O que se fala em Roma é que as duas partes poderiam se aliar e formar uma aliança “eurocética”. Esta parceria provavelmente seria capaz de formar um governo, embora politicamente, isso seria difícil de sustentar. A Liga está formalmente em uma coalizão de governo com a centro-direita e agora está tomando as rédeas da situação: como o maior partido, pode escolher o seu próprio candidato a primeiro ministro. A base do 5 Estrelas é constituída por muitos esquerdistas, que seriam contra uma aliança com a Liga. Em suas primeiras palavras após a votação, Matteo Salvini, líder da Liga, disse que se opunha a formar uma coalizão com o 5 Estrelas. 

Mas, de certa forma, tudo isso é irrelevante. O ponto central é que a maioria dos eleitores escolheu dar as costas ao caminho que a Itália tomou desde o auge da crise da dívida pública europeia. O governo tecnocrático liderado por Mario Monti e as três administrações formadas em torno do Partido Democrata compartilharam uma característica: todos procuraram modernizar a economia da Itália - aumentando a idade da aposentadoria, aprovando reformas no mercado de trabalho. Eles também foram amplamente submissos às regras da zona do euro. Quando tiveram que buscar alternativas - tanto para assuntos bancários como fiscais - eles o fizeram de acordo com as instituições europeias. 

O Movimento 5 Estrelas e a Liga não querem nada disso. Seus programas incluem benefícios generosos, como renda básica universal (5 Estrelas), imposto único (Liga), redução da idade da aposentadoria (ambos); nenhum dos quais a Itália pode pagar sem cortes de gastos profundos. Em suma, eles querem romper com as regras fiscais europeias, alegando que a Itália precisa de um estímulo imediato. Alguns - particularmente dentro da Liga - estão prontos para abandonar o euro para ganhar o direito de gastar mais.

Problema para a UE

Isso representa um grande dilema para o resto da Zona do Euro - ironicamente, quando estava se abrindo uma janela de oportunidade para reformar a moeda do bloco. O presidente francês, Emmanuel Macron, estava à espera de uma nova administração em Berlim (aprovada no domingo) para testar suas ideias sobre uma maior partilha de riscos entre os países membros da zona do euro em troca de uma gestão mais rigorosa das finanças públicas. O sentimento popular demonstrado por meio das eleições na Itália é um desafio para esse compromisso.

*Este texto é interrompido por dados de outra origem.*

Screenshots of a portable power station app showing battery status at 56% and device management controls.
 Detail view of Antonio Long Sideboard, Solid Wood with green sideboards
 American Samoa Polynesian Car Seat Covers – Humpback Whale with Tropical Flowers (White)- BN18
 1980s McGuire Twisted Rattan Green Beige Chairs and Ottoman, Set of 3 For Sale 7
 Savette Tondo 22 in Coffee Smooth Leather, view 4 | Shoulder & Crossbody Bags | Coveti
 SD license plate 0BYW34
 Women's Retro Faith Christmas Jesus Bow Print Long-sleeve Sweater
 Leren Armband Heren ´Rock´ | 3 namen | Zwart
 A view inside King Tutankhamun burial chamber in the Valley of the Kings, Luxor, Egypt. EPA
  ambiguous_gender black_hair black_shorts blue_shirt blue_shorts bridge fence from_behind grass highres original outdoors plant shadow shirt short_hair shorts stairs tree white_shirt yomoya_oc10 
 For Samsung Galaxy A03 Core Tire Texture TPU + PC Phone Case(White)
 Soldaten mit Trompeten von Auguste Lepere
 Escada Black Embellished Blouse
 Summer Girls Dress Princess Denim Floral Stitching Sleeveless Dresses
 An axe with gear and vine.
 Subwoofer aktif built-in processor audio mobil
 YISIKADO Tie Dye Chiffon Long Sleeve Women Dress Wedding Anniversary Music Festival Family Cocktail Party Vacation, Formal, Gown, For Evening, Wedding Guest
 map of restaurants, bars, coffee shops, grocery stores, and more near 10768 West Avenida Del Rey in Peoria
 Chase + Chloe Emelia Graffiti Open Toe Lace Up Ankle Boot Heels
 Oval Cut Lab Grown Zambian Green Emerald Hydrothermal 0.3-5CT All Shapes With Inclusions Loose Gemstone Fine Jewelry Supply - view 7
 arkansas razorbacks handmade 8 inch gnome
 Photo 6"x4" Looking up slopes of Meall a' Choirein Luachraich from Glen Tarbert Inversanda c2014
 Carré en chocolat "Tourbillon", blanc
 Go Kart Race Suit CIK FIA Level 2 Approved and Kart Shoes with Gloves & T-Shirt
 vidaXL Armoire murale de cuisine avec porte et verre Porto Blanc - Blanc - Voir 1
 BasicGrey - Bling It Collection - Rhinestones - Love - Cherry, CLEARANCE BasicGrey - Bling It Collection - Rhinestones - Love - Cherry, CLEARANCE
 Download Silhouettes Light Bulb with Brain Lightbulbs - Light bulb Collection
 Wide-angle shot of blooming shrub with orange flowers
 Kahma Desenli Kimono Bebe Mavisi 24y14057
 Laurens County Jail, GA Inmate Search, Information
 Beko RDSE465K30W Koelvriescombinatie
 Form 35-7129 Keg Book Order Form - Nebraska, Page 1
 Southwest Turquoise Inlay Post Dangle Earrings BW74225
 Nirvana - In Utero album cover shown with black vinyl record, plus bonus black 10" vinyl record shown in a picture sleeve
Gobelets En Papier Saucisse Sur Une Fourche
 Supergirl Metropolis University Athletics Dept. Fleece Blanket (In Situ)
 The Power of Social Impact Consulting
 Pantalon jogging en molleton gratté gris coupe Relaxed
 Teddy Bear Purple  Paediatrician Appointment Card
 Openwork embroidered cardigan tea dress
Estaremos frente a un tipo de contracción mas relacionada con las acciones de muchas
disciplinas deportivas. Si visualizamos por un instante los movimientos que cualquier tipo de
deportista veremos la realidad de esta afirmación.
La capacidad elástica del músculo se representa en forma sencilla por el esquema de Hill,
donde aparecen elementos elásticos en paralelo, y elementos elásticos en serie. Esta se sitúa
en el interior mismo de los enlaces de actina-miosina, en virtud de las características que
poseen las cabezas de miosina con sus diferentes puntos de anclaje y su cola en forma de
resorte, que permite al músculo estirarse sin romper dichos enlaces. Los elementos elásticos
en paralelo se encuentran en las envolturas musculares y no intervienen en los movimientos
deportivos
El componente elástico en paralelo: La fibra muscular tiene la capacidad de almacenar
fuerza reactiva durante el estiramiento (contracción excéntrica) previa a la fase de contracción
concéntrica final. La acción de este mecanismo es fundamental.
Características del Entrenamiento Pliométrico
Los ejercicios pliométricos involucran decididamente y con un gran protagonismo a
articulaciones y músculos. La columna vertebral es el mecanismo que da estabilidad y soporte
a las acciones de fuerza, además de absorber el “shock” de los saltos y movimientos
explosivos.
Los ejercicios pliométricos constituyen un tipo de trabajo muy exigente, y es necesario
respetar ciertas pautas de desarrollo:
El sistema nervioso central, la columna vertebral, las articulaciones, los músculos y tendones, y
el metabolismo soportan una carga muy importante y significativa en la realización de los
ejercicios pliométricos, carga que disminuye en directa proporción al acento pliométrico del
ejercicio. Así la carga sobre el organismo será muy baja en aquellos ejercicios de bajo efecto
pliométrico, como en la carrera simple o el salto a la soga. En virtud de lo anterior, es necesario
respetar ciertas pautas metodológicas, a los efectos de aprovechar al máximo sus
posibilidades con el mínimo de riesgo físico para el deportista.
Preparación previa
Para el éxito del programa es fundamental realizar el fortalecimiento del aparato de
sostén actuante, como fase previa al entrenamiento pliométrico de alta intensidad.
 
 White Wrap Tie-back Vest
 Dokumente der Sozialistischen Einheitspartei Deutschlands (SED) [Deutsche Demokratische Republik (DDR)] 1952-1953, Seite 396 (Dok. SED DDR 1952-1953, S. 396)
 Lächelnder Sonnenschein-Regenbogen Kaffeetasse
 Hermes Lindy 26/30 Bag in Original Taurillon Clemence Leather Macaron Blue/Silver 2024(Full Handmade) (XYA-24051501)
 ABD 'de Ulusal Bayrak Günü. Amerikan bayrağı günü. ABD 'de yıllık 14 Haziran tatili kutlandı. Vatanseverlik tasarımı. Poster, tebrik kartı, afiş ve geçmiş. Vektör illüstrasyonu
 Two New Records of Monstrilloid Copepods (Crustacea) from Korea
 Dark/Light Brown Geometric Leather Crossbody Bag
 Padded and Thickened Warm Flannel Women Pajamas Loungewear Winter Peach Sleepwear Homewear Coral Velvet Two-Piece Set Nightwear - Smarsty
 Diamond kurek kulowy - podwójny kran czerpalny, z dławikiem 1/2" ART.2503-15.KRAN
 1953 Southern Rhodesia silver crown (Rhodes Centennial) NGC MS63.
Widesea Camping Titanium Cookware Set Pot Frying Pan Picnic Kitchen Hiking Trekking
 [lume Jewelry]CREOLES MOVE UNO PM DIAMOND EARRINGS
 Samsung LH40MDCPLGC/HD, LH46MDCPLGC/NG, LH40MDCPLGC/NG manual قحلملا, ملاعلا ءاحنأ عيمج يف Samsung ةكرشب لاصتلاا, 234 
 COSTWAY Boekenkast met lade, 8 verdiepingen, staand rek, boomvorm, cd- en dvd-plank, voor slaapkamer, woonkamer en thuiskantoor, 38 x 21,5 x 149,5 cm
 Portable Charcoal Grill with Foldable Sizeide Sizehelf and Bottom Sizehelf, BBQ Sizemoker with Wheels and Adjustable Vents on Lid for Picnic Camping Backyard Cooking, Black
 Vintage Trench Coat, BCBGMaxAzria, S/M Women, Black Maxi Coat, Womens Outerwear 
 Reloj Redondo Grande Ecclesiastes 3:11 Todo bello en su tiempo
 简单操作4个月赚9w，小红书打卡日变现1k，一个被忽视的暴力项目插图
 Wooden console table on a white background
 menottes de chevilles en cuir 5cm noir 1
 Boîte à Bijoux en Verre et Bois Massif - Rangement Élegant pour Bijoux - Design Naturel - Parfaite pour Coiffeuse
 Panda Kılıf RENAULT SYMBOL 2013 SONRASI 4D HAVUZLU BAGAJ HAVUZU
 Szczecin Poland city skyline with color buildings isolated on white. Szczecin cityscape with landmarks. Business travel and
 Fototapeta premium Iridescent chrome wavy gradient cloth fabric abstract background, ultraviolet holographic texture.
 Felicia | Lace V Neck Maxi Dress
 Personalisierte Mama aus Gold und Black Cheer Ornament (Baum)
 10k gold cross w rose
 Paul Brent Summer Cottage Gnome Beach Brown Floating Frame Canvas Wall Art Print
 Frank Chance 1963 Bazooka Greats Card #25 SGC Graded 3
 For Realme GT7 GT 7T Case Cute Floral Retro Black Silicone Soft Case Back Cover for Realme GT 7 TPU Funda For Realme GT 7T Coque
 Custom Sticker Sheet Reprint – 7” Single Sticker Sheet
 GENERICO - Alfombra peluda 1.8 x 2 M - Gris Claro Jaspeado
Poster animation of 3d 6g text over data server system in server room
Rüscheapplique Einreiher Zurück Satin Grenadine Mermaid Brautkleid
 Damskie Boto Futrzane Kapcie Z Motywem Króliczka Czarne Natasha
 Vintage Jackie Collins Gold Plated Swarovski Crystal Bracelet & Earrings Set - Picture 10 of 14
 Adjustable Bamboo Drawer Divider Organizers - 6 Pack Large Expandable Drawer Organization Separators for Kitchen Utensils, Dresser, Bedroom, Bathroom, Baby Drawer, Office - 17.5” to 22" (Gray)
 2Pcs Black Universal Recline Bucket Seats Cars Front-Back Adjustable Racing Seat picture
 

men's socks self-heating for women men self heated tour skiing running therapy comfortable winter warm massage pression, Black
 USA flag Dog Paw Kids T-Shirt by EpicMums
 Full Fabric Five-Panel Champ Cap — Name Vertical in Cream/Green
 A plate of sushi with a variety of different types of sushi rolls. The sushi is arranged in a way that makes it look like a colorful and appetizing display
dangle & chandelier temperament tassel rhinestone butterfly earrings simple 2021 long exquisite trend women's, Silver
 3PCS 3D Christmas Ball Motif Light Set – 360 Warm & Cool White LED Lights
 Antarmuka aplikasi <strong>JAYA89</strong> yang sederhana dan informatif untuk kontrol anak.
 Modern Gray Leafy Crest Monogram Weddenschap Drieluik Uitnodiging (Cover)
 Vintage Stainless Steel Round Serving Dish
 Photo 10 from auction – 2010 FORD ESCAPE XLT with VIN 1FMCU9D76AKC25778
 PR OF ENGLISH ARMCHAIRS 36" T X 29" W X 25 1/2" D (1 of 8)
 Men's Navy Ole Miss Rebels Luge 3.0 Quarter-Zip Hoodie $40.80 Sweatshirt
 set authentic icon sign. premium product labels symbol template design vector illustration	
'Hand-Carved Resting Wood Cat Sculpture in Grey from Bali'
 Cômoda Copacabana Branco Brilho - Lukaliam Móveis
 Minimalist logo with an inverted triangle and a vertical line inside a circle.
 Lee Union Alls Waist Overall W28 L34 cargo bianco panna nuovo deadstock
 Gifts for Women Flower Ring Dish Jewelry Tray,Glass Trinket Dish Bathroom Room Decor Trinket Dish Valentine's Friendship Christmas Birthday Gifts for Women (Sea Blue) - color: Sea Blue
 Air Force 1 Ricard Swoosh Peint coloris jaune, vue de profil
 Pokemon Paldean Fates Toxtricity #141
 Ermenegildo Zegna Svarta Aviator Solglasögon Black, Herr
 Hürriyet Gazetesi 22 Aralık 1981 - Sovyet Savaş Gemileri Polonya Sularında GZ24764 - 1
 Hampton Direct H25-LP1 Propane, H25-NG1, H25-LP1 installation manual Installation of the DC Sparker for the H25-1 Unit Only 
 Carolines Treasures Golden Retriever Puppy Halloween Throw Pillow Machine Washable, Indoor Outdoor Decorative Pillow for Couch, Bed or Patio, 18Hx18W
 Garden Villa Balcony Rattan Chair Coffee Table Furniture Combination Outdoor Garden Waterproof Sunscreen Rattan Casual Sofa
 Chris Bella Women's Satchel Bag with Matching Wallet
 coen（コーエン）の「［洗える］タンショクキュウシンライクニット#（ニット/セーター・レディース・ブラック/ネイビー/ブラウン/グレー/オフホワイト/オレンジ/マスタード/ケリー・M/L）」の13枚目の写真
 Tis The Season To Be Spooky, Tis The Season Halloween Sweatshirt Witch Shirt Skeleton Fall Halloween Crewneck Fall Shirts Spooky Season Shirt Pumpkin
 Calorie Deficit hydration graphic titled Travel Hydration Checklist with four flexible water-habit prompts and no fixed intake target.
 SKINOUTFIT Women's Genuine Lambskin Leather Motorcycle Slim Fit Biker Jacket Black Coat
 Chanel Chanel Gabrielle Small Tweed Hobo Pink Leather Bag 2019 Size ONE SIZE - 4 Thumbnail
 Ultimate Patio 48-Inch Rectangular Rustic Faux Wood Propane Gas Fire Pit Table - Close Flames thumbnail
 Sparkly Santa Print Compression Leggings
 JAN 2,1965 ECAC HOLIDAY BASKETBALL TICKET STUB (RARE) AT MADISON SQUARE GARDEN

Alemanha e França podem reagir de duas maneiras. Eles podem pausar o processo de uma integração maior - uma vez que é improvável que seja recebido com entusiasmo ao sul dos Alpes - ou podem tratar a Itália como uma criança problemática, seguir adiante com a solução preferida e depois pedir a quem estiver em Roma para assinar o que quer que tenha sido acordado. Uma coisa é clara: a Itália desempenhará papel menor na concepção das novas regras. 

Para os partidos antissistema que se regozijam hoje, este será um teste real. Até agora, eles venderam ao eleitorado um futuro construído com dinheiro fácil. No entanto, a realidade é muito mais difícil. Eles podem não gostar de regras europeias, mas por enquanto têm que trabalhar de acordo com elas. Quanto a deixar o euro, é muito mais fácil dizer do que fazer. O risco é que eles acabem como o Alexis Tsipras da Grécia: virando as costas às promessas que fizeram porque fazer o contrário seria desastroso. 

Existe um período de grande incerteza, tanto para a Itália quanto para a União Europeia. Os eleitores italianos falaram: o que eles disseram está confuso; nem de perto a mensagem que os parceiros da Itália na zona do euro queriam ouvir.